Time for a girl update.

A big event has not gotten its proper blog treatment: M.’s “graduation” from kindergarten. I use the quotation marks because A) kindergarten graduations are kind of silly to begin with and B) she’s not really done with kindergarten.

Let’s get the event out of the way first. Her class put on a fine performance for family and friends. They sang songs, showed off artwork, recited their lines to a couple poems, and received diplomas. The teacher was very emotional, as were some of the parents. It was a fun way to end the year, especially for the students.

As we were collecting assorted items from the classroom before our final exit, I whispered to another parent that it was kind of silly to have graduation, since M. was going through kindergarten again next year. She quickly agreed and said, “I think just about every one of the kids is repeating next year.” A lot of summer birthdays in the class, I guess.

Now what’s this about M. repeating? In Indiana the cut off date for beginning school is August 1. With a birthday in the final week of July, she barely makes it. Our plan entering this year was for her to repeat kindergarten next year when she transitions to the school where we expect her to spend the next nine years. But, we were open to moving her to first grade next fall if her current teacher thought M. would be bored repeating.

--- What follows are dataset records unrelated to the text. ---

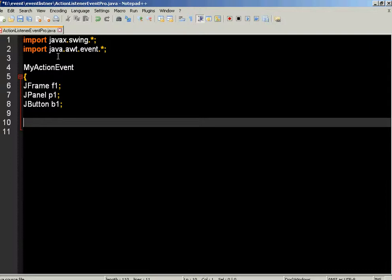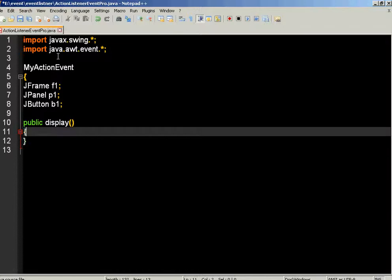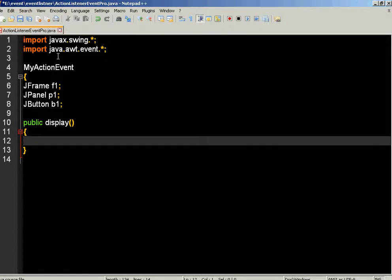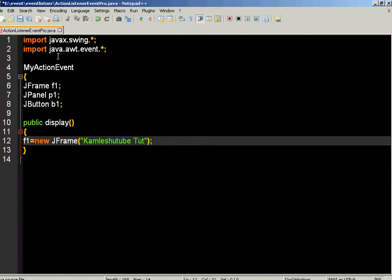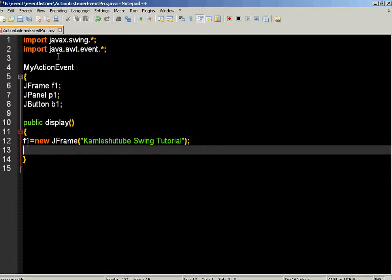Now we need to create one method. That method is our display method. In this method, we need to create and initiate instances of the frame object, panel object, and button object. For that, we write f1 equal to new JFrame object.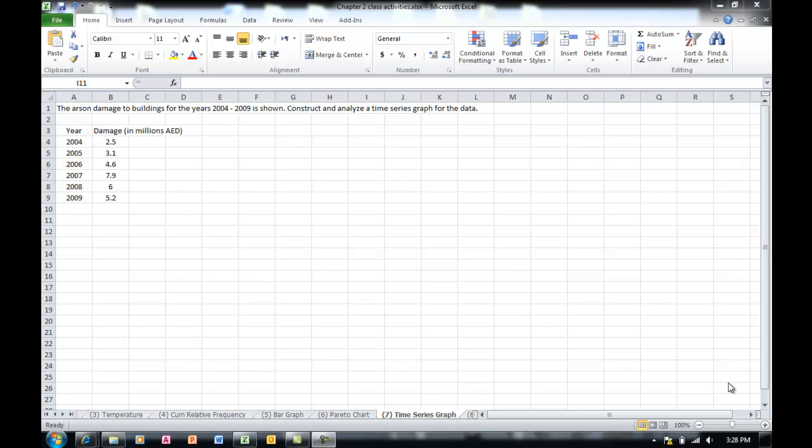Hi guys, the graph we're going to work on today is the time series graph, and this is reflective from the name itself, so that basically represents change over time.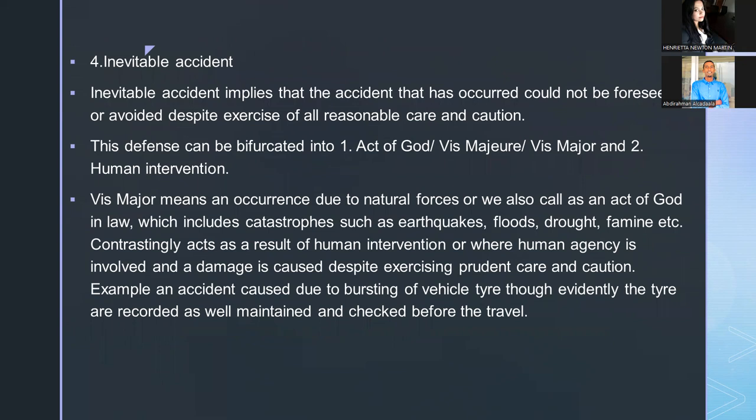Inevitable accident is a defense we have not yet covered. 'Inevitable' means something that cannot be avoided — it is unavoidable. This defense can be subdivided into act of God and cases involving human intervention, which we will explore further.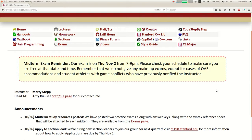Alright, let's begin. Hey, how's it going? It's Friday, end of week five — wow, it's flying by. We're going to do some more linked list stuff today, but before I start I want to remind you that you have a midterm exam next Thursday night.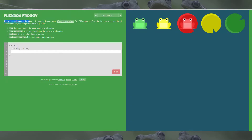For level 8 we've got something new again — flex direction. The frogs need to get in the same order as their lily pads using flex direction, and it accepts the following values.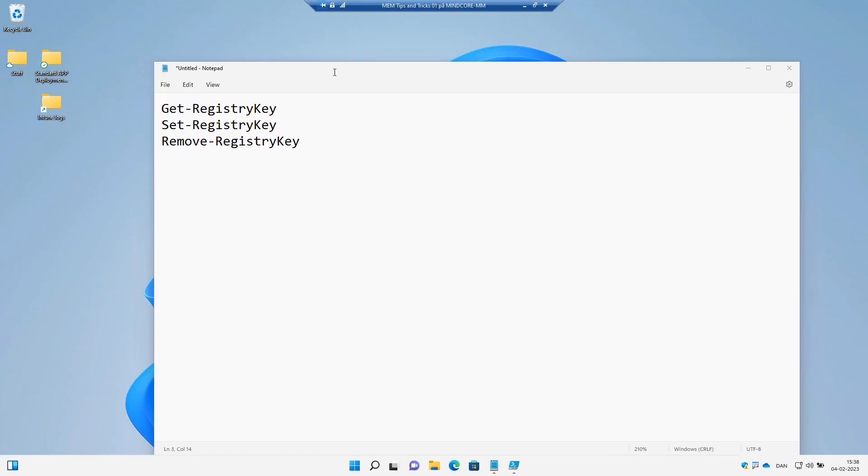Hi and welcome back. Today we will learn about three different functions in PowerShell App Deployment Toolkit: GetRegistryKey, SetRegistryKey, and RemoveRegistryKey.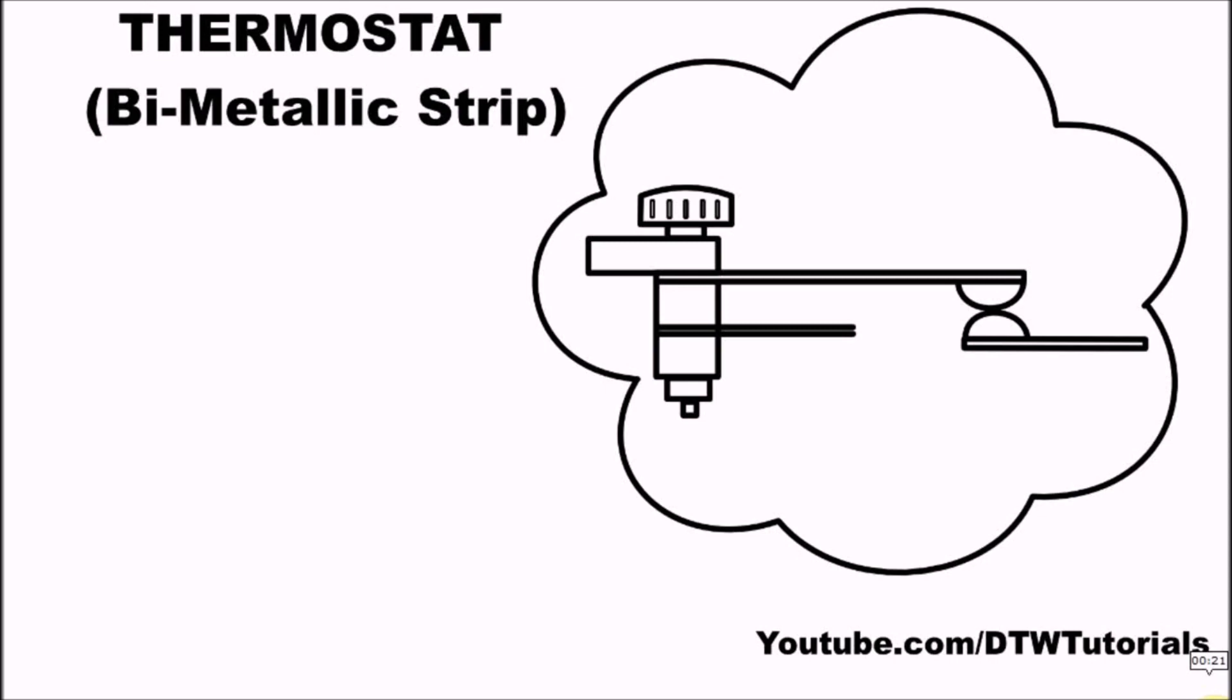You can continue with your ironing. This is how an electric iron works, as simple as ABC. Thank you for staying tuned to DTW Tutorials. See you in our next video where we'll share something new. Don't forget to subscribe!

M. did a great job this year; she’s reading beyond grade level, doing simple math, and matured in many ways. She certainly benefited from her class. There are still several skills, though, where she’s right at age appropriateness, or even lagging a bit. In other words, she’s pretty much normal for an almost six-year-old: some things she is advanced at, some things she’s shockingly normal, others she needs some work. Her teacher said girls often do better than boys with repeating kindergarten and thought, because of M.’s age, that was the way to go. Also, the school she will move to next year has a different curriculum for their kindergarteners. They have Spanish, art, and music classes on different days. They are also more independent in what and how they teach, rather than adhering closely to what the local public schools teach. While the grade name will be the same, it will be a completely different setting and class, so won’t feel like a repeat of this past year.

At least we hope.

In a perfect world, the church where M. has spent the last three years would have an elementary and middle school. But they don’t, so we’re going to have to commute 20 minutes, give-or-take, twice a day rather than the 2-3 minutes it takes us to get to our neighborhood church.

C. finished her 3’s class as well. She came a long, long way since September. Back in the fall, when they went through assessments, she refused to do some activities. She often hung back and did her own thing when the rest of the class was engaged in group activities. By the spring, she was doing everything asked of her during assessments, enjoyed story times, and had developed some close friendships with a couple classmates. In fact, several of the boys seem interested in her, which is scary.

For all of her academic progress, I think the best way to describe C. right now is weird. She’s hit that strange age where all kinds of bizarre behavior comes out of kids as the leave toddlerhood behind and enter school age. It drives us crazy, but we try to remind ourselves that every kid goes through this stage.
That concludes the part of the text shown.